By Bárbara Gutiérrez
UM News

Agarwal 2

Using traditional engineering materials, stem cells harvested from rodents and humans, and 3-D printing, Ashutosh Agarwal is creating artificial human organs that mimic the real things, providing researchers with a new way to study organ function and underlying disease pathways.

CORAL GABLES, Fla. (November 24, 2015) – Imagine a heart beating outside of the human body. Imagine that the organ acts just like the real thing but can be handled and studied like any other object. What possibilities would that create for physicians, scientists, pharmaceutical researchers, and other scholars?

Ashutosh Agarwal, assistant professor in the Department of Biomedical Engineering at the University of Miami, is ready to answer those questions. He is creating “Human Organs on Chips.”

In a revolutionary new approach, he combines traditional engineering structures such as metal or plastic with stem cells from rodents and humans to create a heart, pancreas, and lungs that mimic the real organ—including normal functioning and diseased organs. The chips, about the size of a USB stick or credit card, are created through 3-D printing and 3-D milling with intricate, precise measurements.

UM News spoke to Agarwal about his research. Here are some of his observations:

What excites you about this research?

Recreating human organ-level complexity in a dish, in both health and in disease, opens up several important applications. We can now test drug molecules before running clinical trials, dive deep into disease mechanisms, and create better stem cells for therapy.

What is the most important aspect of this approach?

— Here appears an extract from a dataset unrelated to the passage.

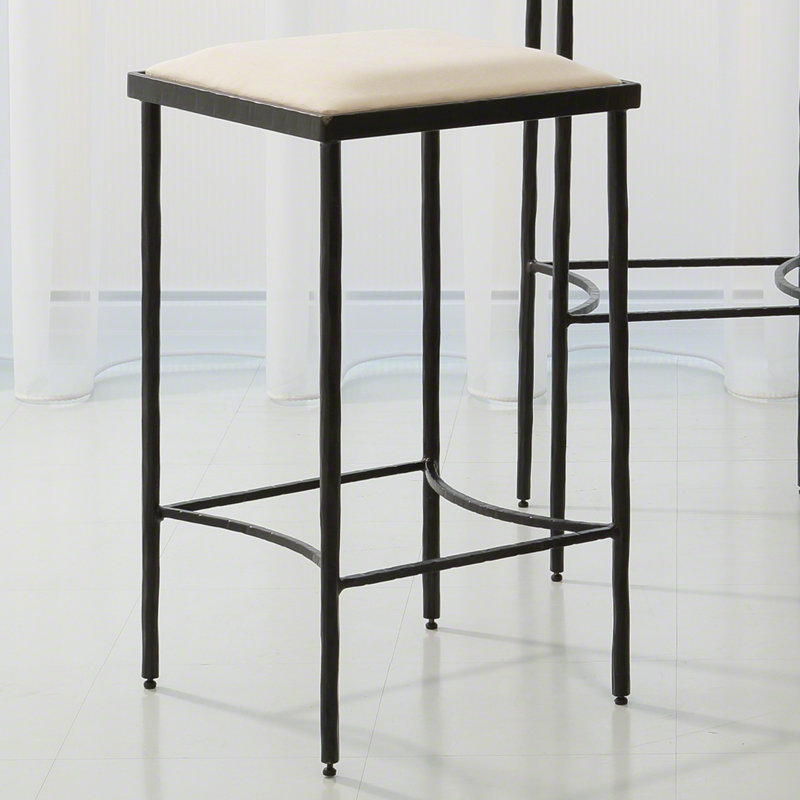 Tabouret martelé, Tabouret de bar (siège d'une hauteur de 31 po)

Nobel Prize-winning American physicist and visionary Richard Feynman famously said: “What I cannot create, I do not understand.” By building models of human disease on a dish, we will enhance the understanding of the underlying disease pathways. Current projects include type 1 diabetes, stage IV lung cancer, cardiac diseases, and idiopathic pulmonary fibrosis.

What kind of response has there been to your research in the past?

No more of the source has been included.